Warning In its current implementation this method is not faster than executing execute() in a loop

Oh dear this isn’t good news. What can be done to keep the API appearing the same but take care of the poor performance with psychopg2 ? Well the document mentions a different method called execute_values() lets make a few changes to the code to help.

Firstly in the previous version we were just using sqlite and left different imports / databases as an exercise to the reader, suggesting that an Enum or similar could be passed in and the class could then import the necessary modules.

Again to keep things simple and to avoid the helper class from having to know too much implementation detail or rely on trying to import modules which may not be installed we will use a generic approach. Firstly we will change the constructor. In the previous version it looked like this the below


import sqlite3

class DBConn(object):

  def__init__(self, connectionFunc):
    self.conn = sqlite3.connect(':memory:')

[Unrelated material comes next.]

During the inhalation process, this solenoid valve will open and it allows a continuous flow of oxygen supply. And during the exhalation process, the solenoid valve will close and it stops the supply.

Lets alter this to accept a function passed in by users of our helper class.

class DBConn(object):
  def __init__(self, connectionFunc):
    self.conn = connectionFunc()

Firstly note we have removed the line “import sqlite”. We have changed the __init__ method to accept a second parameter which will be a function and we assign the return value of this to our internal connection object.

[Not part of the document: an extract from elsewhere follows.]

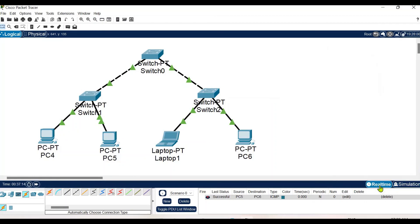This is the way we can create next-level networks with the help of these connecting network devices. We can also use routers and other devices in the network, which we will practice in later sessions. Till then, bye and take care.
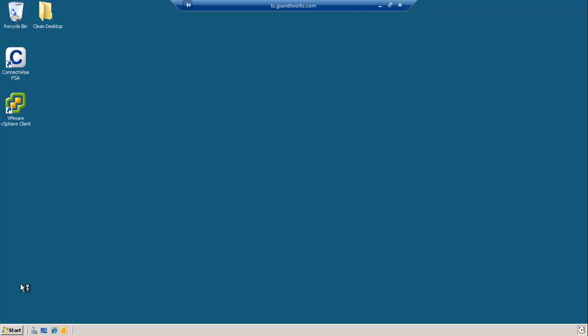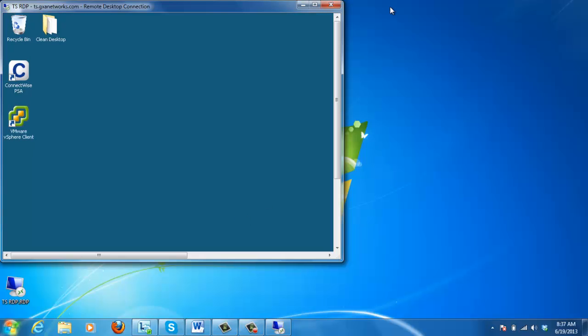After we log in, you'll notice that on my screen, I have the session information at the top middle. For some of you, you may have it in windowed mode, which will place the icons in the upper right-hand corner like this.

A sample usage of our helper class with sqlite would be.

def mySqlLiteConnection():
  import sqlite3
  return sqlite3.connect(‘:memory:’)

with DBConn(mySqlLiteConnection) as db:
  #Do something with the connection

In the case above we are making the user responsible for any imports. The function they pass should return the connection object. A sample with postgresql would be


def postgres():
  import psycopg2
  d = {
    "host" : "MacMini.local" ,
    "database" : "testdb" ,
    "user" : "hugo" ,
    "password" : "pass"
  }
  return psycopg2.connect(**d)

with DBConn(postgres) as db:
  #Do something with the connection

Now we have seen a way of delegating the responsibility of importing drivers to the user we have a generic class which will take case of resource management (e.g. closing cursors and connections), will enable user to access result set field by name and perform inserts by passing in a generator, regardless of the underlying differences in drivers or implementation details.

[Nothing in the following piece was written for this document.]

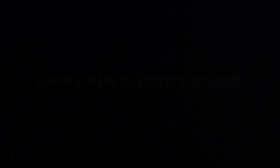Applying pressure, you would smile now or never. Make you cry, I'd make you better.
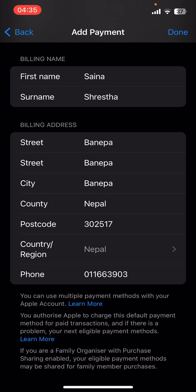Then go ahead and change the details. Tap on Done from the top right corner. And that's it — that's how you change your billing address on your Apple ID. I hope you found this video helpful.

Lets make a small tweak to our class to check if the driver is psycopg2. In this case we are not responsible for the drivers, the user could be using anything. To make this work we check the sys.modules dictionary.

import sys
from itertools import islice

class DBConn(object):
  def __init__(self, connectionFunc):
    self.conn = connectionFunc()
    #check to see if driver is psycopg2
    if 'psycopg2' in sys.modules:
      import psycopg2.extras as psycopg2Extras
      self.sycopg2Extras = psycopg2Extras
      ext = sys.modules['psycopg2.extensions']
      self.isPsycopg2 = isinstance(self.conn, ext.connection)

The constructor now has some special checks for pyscopg2. Lets amend the insertBatch method to address the performance issue


def insertBatch(self, sql, it, size=5000):
  for batch in DBConn.chunk(it, size):
    with self.ClosingCursor() as c:
      if self.isPsycopg2:
        self.sycopg2Extras.execute_values(c, sql, batch)
      else:
        c.executemany(sql, batch)

The insert match will now use execute_values if the driver is psycopg2 otherwise it will use the standard executemany method.
The only other thing to note is that when using execute_values the insert statement will look slightly different.
When using executemany a sql statement might look like
“insert into users (name, phonenumber) values (%s,%s)”

With execute_values this should be

insert into users (name, phonenumber) values %s

We can abstract that away later so the user doesn’t know about such things.